中國漢族人,沒有統一的宗教信仰,而且其中很大數量的人士是無宗教信仰的。無宗教信仰,並不等於不能以良性的理念來作為黏合劑,使個體生命與自然、天道、社會、群體融通。我們的歷史傳統裡,有儒家、法家、道家等可以改造利用的思想資源,全盤接受與一棍子打爛都是不對的,應去其糟粕,取其精華,注入外來的營養,綜合利用,使其煥發出嶄新的光彩。忽然想到了《紅樓夢》裡的林黛玉,這是一個與賈寶玉在衝擊封建禮教方面有著同樣的反叛情懷,而且有些時候甚至比賈寶玉表現得更勇敢更決絕的傑出女性。她曾對賈寶玉說:“死生有命,富貴在天,也不是人力可強的。

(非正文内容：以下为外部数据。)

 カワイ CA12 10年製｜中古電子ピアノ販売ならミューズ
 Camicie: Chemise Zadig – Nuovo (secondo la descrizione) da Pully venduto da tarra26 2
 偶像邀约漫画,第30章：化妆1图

”她引用孔夫子的八個字,聽似消極,其實正是取了儒家思想中不信亂力神怪的精華,表現出面對生命逆境的超常冷靜,這也成為了她爭取戀愛婚姻自由的勇氣源泉。這個細節是曹雪芹寫的。高鶚的續書總體而言我覺得糟糕,但他為林黛玉設置的兩句對話卻還可取。一句是林黛玉說:“但凡家庭之事,不是東風壓了西風,就是西風壓了東風。”這句話為毛澤東激賞,用來比喻兩條路線鬥爭,在上世紀60年代前後普及為大眾語言,還曾出現過《東風吹》那樣的歌曲。就林黛玉本身而言,能說出這句話意味著她對封建大家庭裡的權力鬥爭“門兒清”,非常理性。另一句話是聽到簷外老鴰呱呱地叫了幾聲以後說的:“人有吉凶事,不在鳥音中。”

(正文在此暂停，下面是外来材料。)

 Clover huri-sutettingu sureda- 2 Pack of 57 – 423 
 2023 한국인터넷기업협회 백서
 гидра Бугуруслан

科學與理性,是人類文明的核心。科學仍在繼續發展,人類確實還面臨著許多當代科學尚未能破譯的領域,未破譯則產生神秘效應。人類的理性更有待展拓融通,未展拓融通則會令歪理邪說乘虛而入。有人打出“東方神秘主義”的旗號,不講究精密的科學實證而熱衷於模糊把握,不實行數字化管理而陷入含混敷衍,那是很危險的。2001年11月5日《深圳特區報》有《春都何以跌入困境?》一篇報道,說本來以專門生產火腿腸的春都集團公司盲目擴張以後,由盈轉虧,情急之下,從全國各地物色了一批“算命大師”作為智囊團,大到人事任免、投資決策,小到領導出差的方向、辦公室門的朝向,全都聽命於“大師”的吉凶判斷。1997年集團頹勢大暴露後,竟安排全體中層以上幹部集體聆聽“大師”們講“意念”,結果到如今春都上百條生產線全線告停,虧損達6.7億元,還欠下13億債務。據我所知,國外的一些大企業,特別是香港特區的一些企業家,也有請“風水先生”,以“東方神秘主義”補實證科學之不足的,但那都只不過是像蓮姊那樣的“小迷信”,主要的意義還在平衡心理,以對付世界時局詭譎一面,而並不會像春都集團公司老總那樣完全沉溺在了大迷信的旋渦中。看來春都集團實在該多多引進林黛玉那樣的,有著“吉凶不在鳥音中”的健康精神的白領——當然,身體應該比林妹妹好——並讓其進入領導層;曹雪芹有一回還寫到,林黛玉跟賈寶玉私下議論:“咱們家也太花費了,我雖不管事,心裡每常閒了,替你們一算計,出的多進得少,如今若不省儉,必致後手不接。”她還是個有統計學頭腦的數字化管理人才呢!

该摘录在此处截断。